What Veterans Day means…
November 11 is Veterans Day. This is the day we thank and honor all who have served in the United States Armed Forces whether in war or peace. We acknowledge their patriotism, love of country and selfless service in defense of our freedoms and this great nation. While Veterans Day is primarily a tribute to America’s living veterans, and should be observed more as a celebration of their service and contributions to our nation than as a somber remembrance, it is also important to remember the men and women who gave their lives for our country. As veterans, we remember these brave men and women that are missing from our midst, that you may know as prisoners of war, missing in action and killed in action; but we know as our fallen brothers and sisters.

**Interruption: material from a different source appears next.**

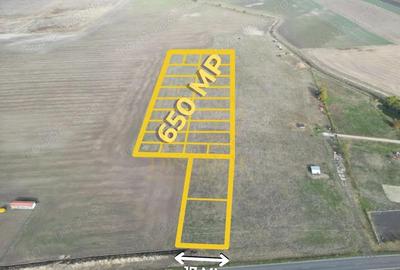 Teren de 650 mp, în Dudeștii Noi - 5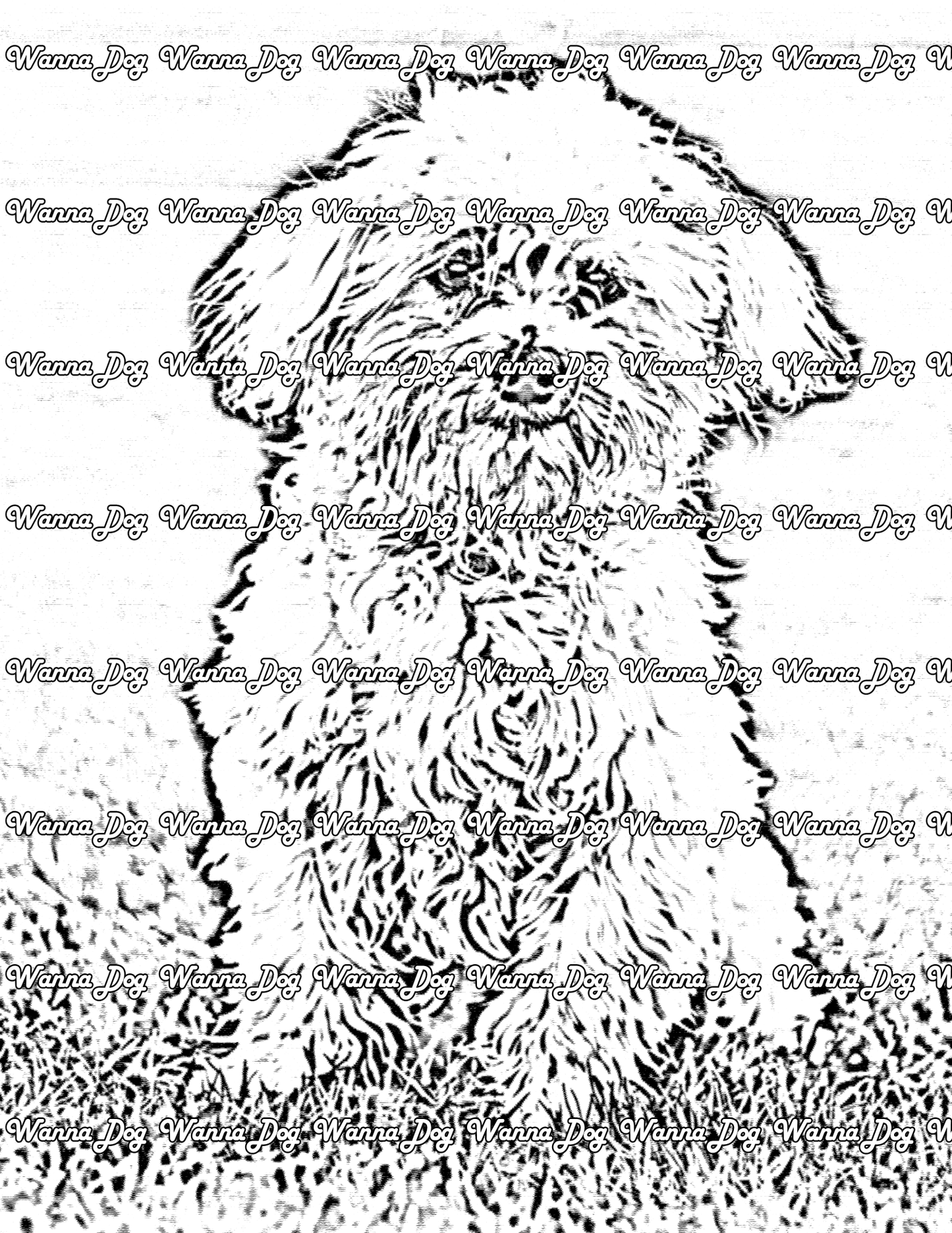 Maltese Coloring Page of a Maltese posing in grass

Recently, I was taken by surprise when someone asked me what Veterans Day means to me as a veteran myself. No civilian has ever asked me that before.
From a broader perspective, the U.S. Army is one of the most culturally diverse environments one can ever experience, and the ability to come together and leverage those differences to accomplish seemingly impossible challenges in the name of our nation and freedoms is why we recognize our nation’s veterans.
On a personal level, being in the military is not something I did. It’s the period of my life that profoundly shaped who I am to this day. I chose to join the U.S. Army. The experiences of a lifetime that I was privileged to be a part of as result of that decision shaped my perspectives and values on leadership, duty, selfless service, integrity and personal courage. Those experiences taught me to look beyond myself to support a greater purpose, the importance of leadership regardless of what title you hold or role you play, and to push beyond my physical and mental limits to accomplish the mission and support my brothers and sisters.
As you can see, serving one’s country has a deep and personal effect, and each veteran has a differing perspective, so I reached out to a few veterans at Argonne to ask what this day means to them.
“Veterans Day is about recognizing our veterans and looking back on all that they have accomplished and how it has helped shape our nation,” said Dan Carlson (NWM), who served in the U.S. Navy. “For me personally it has become a time to reflect on my own experiences serving our country and, more importantly, to share the lessons that I learned with my kids.”
“I would like everyone to think about how fortunate we are to live in a nation that has an all-volunteer military,” Carlson said. “Many people join the armed forces for many different reasons, but one thing they all have in common is that they do it by choice. These men and women choose to put their lives on the line to protect and defend our freedoms and individual rights. Other nations are not so fortunate to have the kind of dedication and courage that you see in our military today, and it is due in large part to this aspect of choice.”
For Diana Morgan (MSD), who served in the U.S. Air Force, Veterans Day is an opportunity to reflect on the service of her fellow veterans and the roots of that service. “It’s a day for me to remember all the men and women who served our country and gave their life so that I can know the meaning of the word freedom. It’s a day I can think back and be proud of the small part I played in that mission,” she said.
“The founding fathers wanted us to be able to think and act freely. The military was born to protect that ideal,” Morgan said. “We veterans volunteered our time to serve and protect, and most of us feel quite passionately about that.”
Morgan is working to create a Veteran’s Group at Argonne. The goal is not only to bring veterans together socially, but to engage in community service as well as helping veterans connect to resources and information. If you are interested in participating in this group, please contact Morgan at ext. 2-3858.
On this Veterans Day I’d like to ask all veterans at Argonne: What does your service mean to you? If you’d like to share your thoughts, please send them to me at firstname.lastname@example.org. I would like to compile and share them with the lab community to help foster a better understanding of the veterans’ experiences.
I encourage everyone to not only thank the veterans you know, but also to ask them this question. The conversation might surprise and enlighten both of you.